The Xi'an Incident, a tragi-comic sequence of mutiny and kidnapping, marked a crucial stage in the struggle between Chiang Kai-shek’s Nationalists and Mao Zedong’s Communists.

Kuomintang leader Chiang Kai-shek and Communist leader Mao Zedong, meeting in Chongqing, China, 1945. United Archives/WHA (CC BY-SA).

The opening shots of the Second World War are sometimes identified as those which ricocheted round the white marble parapets of a Sung Dynasty bridge near Beijing on the night of July 7th, 1937. Diplomatic and journalistic opinion in the West immediately dismissed the exchange (at the fancifully-named Marco Polo Bridge of Lukouchiou) as yet another example of the alarms and excursions which had punctuated the past seven years of deteriorating relations between China and Japan.

Japan's provocation of China had taken tragic and comic turns since the Imperial forces' first act of aggression in Manchuria. Lukouchiou was pure farce. Japanese forces had swept over the Great Wall to within sight of Beijing and they had developed a penchant for showing their strength – depicted in the world's press as shouting banzais to the rising sun.

The demonstration that July night 50 years ago was different, however. A Japanese force of three infantry regiments, supported by tanks, deployed near the bridge on night manoeuvres. From the other side of the span came a challenge from an officer of the Chinese 29th Army; to be answered by gunfire.

As dawn broke a Japanese column marched up to the walls of Wanping, the small garrison town overlooking the bridge and, laying the corpse of one of the soldiers before the gates, demanded entrance. The Chinese commander refused and conducted a heated argument with his Japanese counterpart while sitting in an armchair on the walls. Negotiations continued around the corpse after it had been lowered to the ground by ropes.

No one could decide, then or later, who had fired the first shot, but it did not matter. The Japanese had their casus belli. Within two days 10,000 Japanese troops were moving by foot and rail into Chinese territory.

Chiang Kai-shek had issued his last order, to the aforementioned chairborne officer, to 'avoid any kind of incident which might provoke the Japanese'. He now had to be Generalissimo in fact, as well as in name, in a war of national survival, the imminence of which he had arrogantly and myopically refused to recognise until only eight months before.

The confident image of Chiang throughout the Second World War, smiling from the posters as one of the 'Big Four' standard bearers of Democracy, was very different to the neurotic ditherer who throughout the 1930s showed resolution only in facing inwards and pursuing the spectre which had haunted him since his formative years in politics – rampant Communism.

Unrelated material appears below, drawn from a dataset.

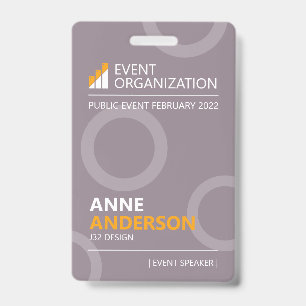 Modern Business Seminar Conference Event Badge ID Badge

Chiang was only brought to a sense of reality by the most drastic measure – he was kidnapped by his own subordinates, at Xi'an in December 1936 in collaboration with the Communists, and held prisoner until he agreed (though not in writing) to an alliance of all Chinese political factions against the Japanese. China, towards the end of 1936, was losing face so badly in fact that foreign business interests, for whom it had represented extremely rich pickings since the Opium Wars, were openly speculating about the fall of 'this addled state'. The British charge d'affaires in Beijing wrote:

The Generalissimo thinks it is his military duty to reconquer the whole of China and Manchuria – it is clear that any scheme of American assistance to achieve such objectives would now be bankrupt before it got off the ground.

Chiang would never concede defeat and took his cause off into very comfortable exile, supported until recently by the American aid which came too late to save him on the mainland. Ironically, it was during last year's 120th birthday celebrations for Sun Yat-sen in Beijing that the Chinese government offered the hand of reconciliation to the separated brethren in Taiwan.

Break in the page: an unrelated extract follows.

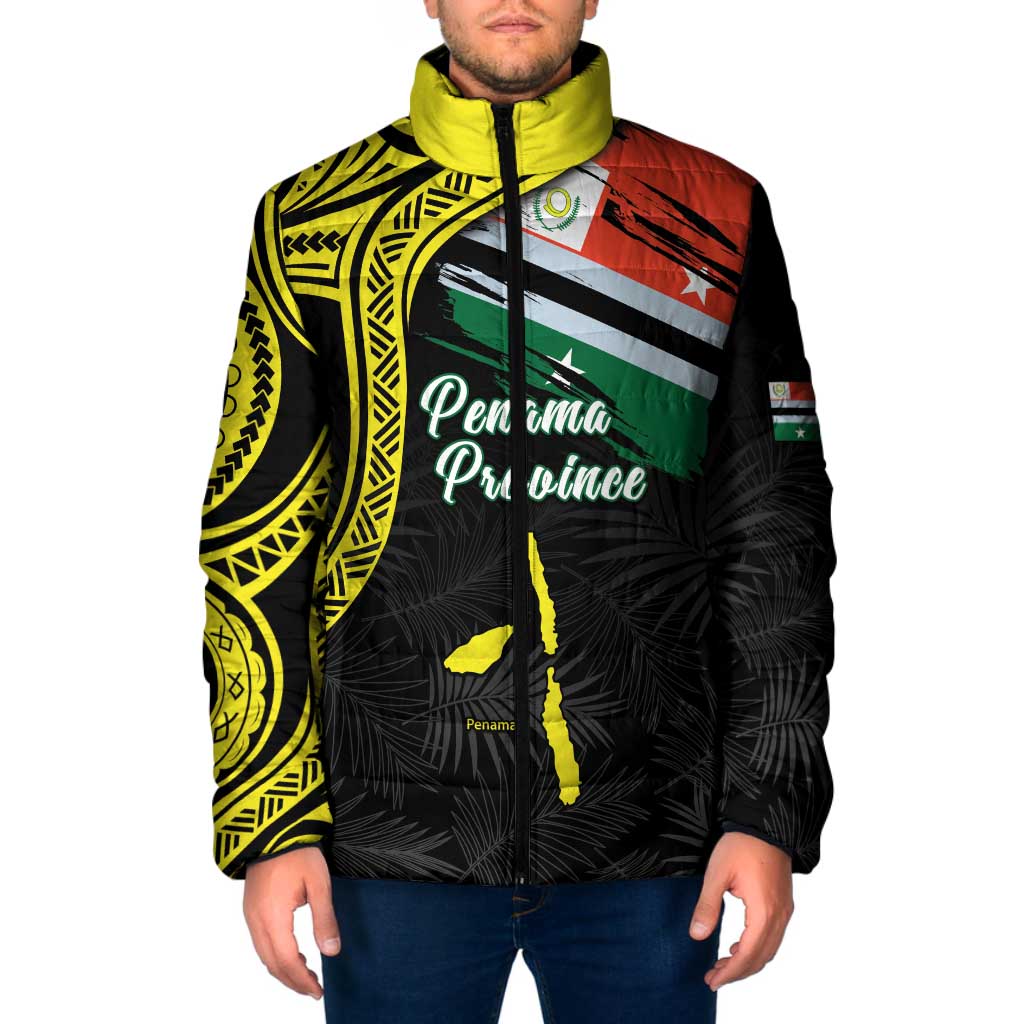 Personalised Vanuatu Penama Day Padded Jacket Grunge Flag Style - Polynesian Pride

The Xi'an Incident, called by incredulous Westerners 'a theme fit for a new Gilbert', ran in fact be seen as the pivotal event of modern Chinese history. Before it there was a chance that the original party of the Chinese Revolution, the Kuomintang, would succeed in putting its stamp on China. Afterwards there was really none; Chiang's instincts in lunging for the Communists' jugular were correct but he had been mistaken in his timing. By the late 1930s the Left had captured the weather gauge in propaganda by its call for common fronts against Fascism. Xi'an was probably its most complete victory, for it allowed Mao Zedong to gain, and hold, the upper hand psychologically, and ultimately politically, over Chiang, his rival for the inheritance of Sun Yat-sen's revolution.